El aparato oficialista ha cometido un error clásico en la guerra política: demonizar a su adversario hasta transformarlo en héroe. Las palabras de Diosdado Cabello —asegurando tener “información muy clara” sobre su paradero y describiéndola como “protegida”— no solo intentan sembrar miedo, sino que certifican su relevancia. En el imaginario popular, el régimen no despliega semejante aparato de vigilancia contra dirigentes inofensivos.
Cada alocución en su contra, cada rumor sobre su clandestinidad, cada acusación de “terrorista” proyecta a Machado como el enemigo político más temido por el chavismo. Y, en un país donde la narrativa de David contra Goliat resuena profundamente, esa imagen se traduce en capital simbólico: una mujer desarmada enfrentando a un Estado que la quiere silenciar.

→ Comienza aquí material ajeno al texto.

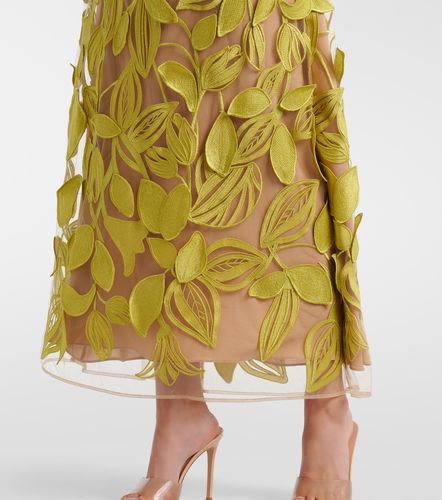 Besticktes Midikleid aus einem Seidengemisch - Elie Saab - Modalova
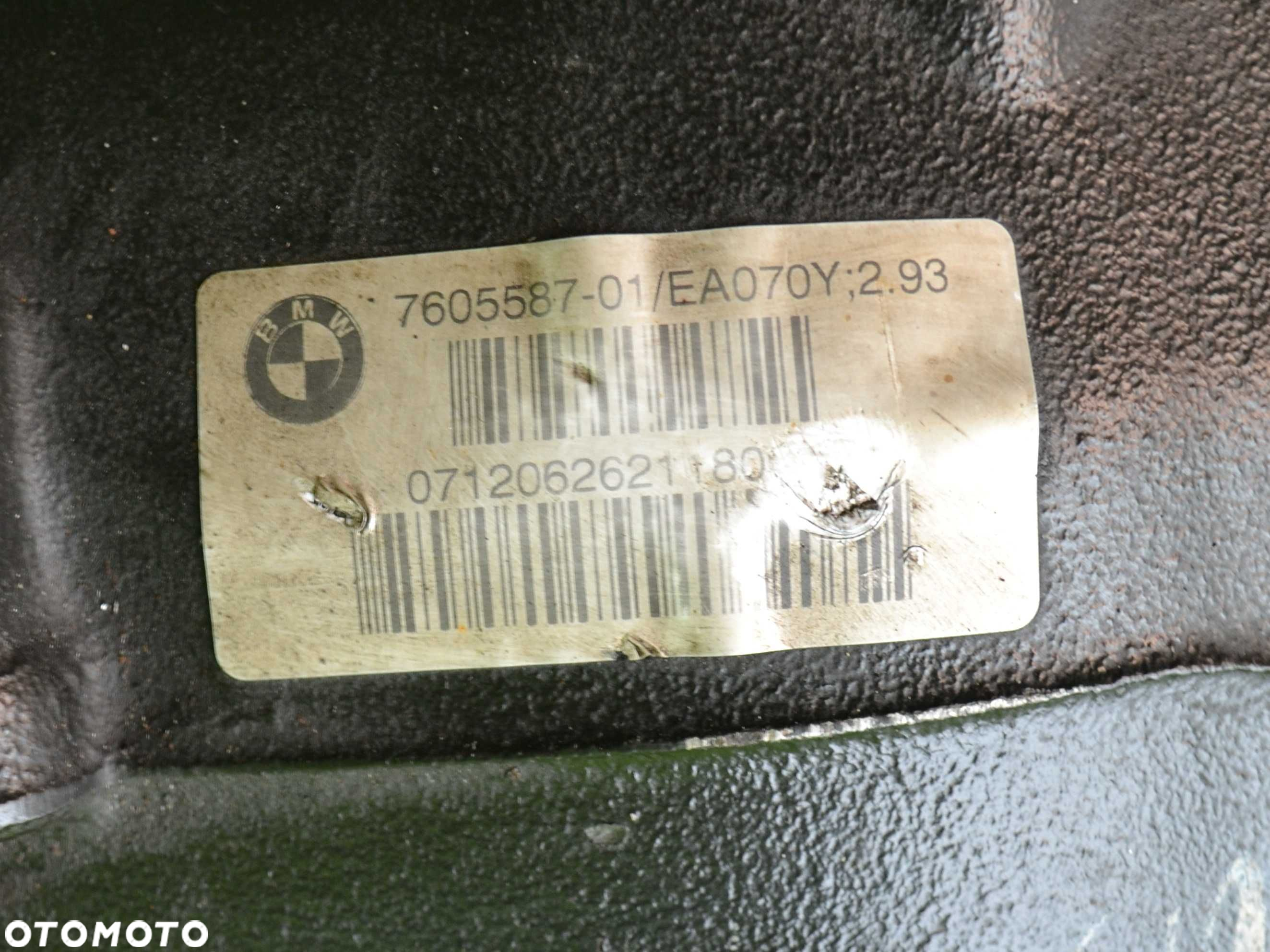 Dyferencjał Dyfer Tył BMW 1 F20 1.6D 2013 r  2.93 - 2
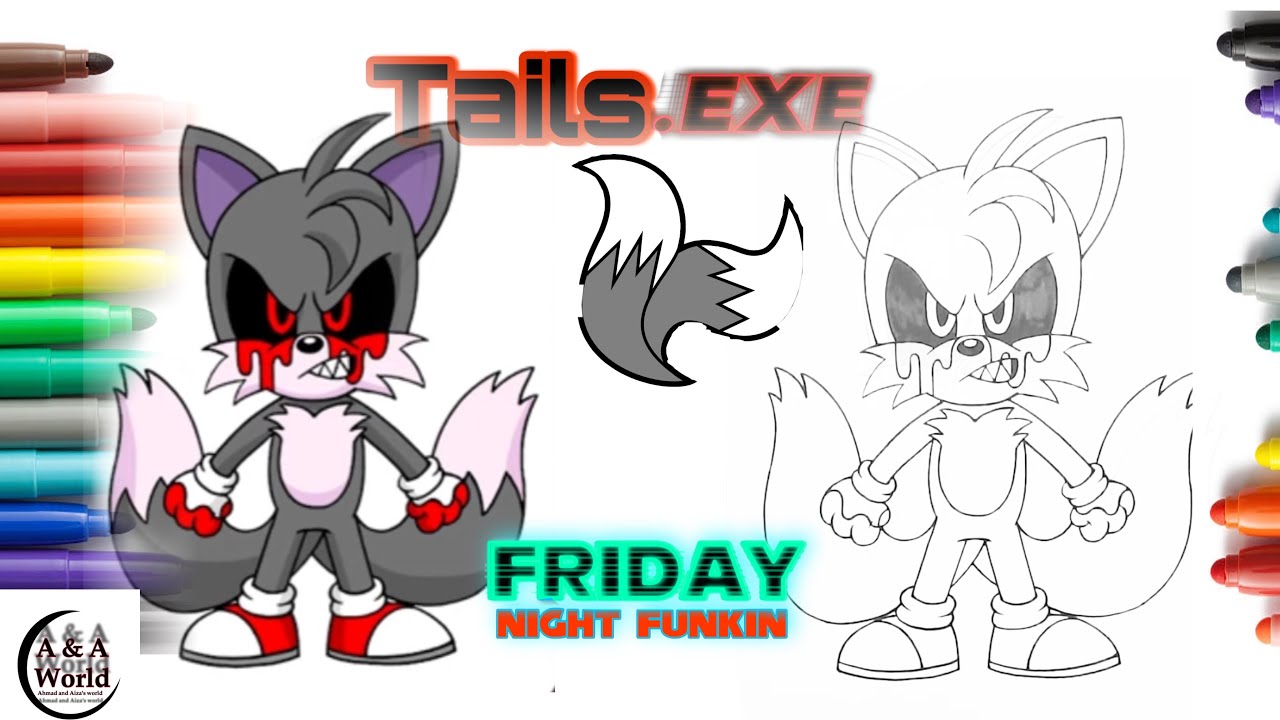 X 上的Liya Foxy：「Tails.exe, Inner, Tails) My favorite💛🦊. I enjoyed drawing  him:} #Tails #SonicexeNBR #SonicexeNB I don't know how to write  hashtags.💀💀  / X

Esta dinámica no es nueva. La historia venezolana y latinoamericana muestra múltiples casos donde la represión termina alimentando el mito. Lo que parece un golpe de fuerza contra el adversario se convierte en un certificado de su peligrosidad para el poder y, por tanto, en una validación de su liderazgo.
Y es ahí donde el chavismo comete su error más grave: al intentar borrar a Machado del tablero, la está grabando a fuego en la memoria colectiva. En su afán por destruirla, podrían estar escribiendo, sin saberlo, el primer capítulo de la crónica de su propia derrota.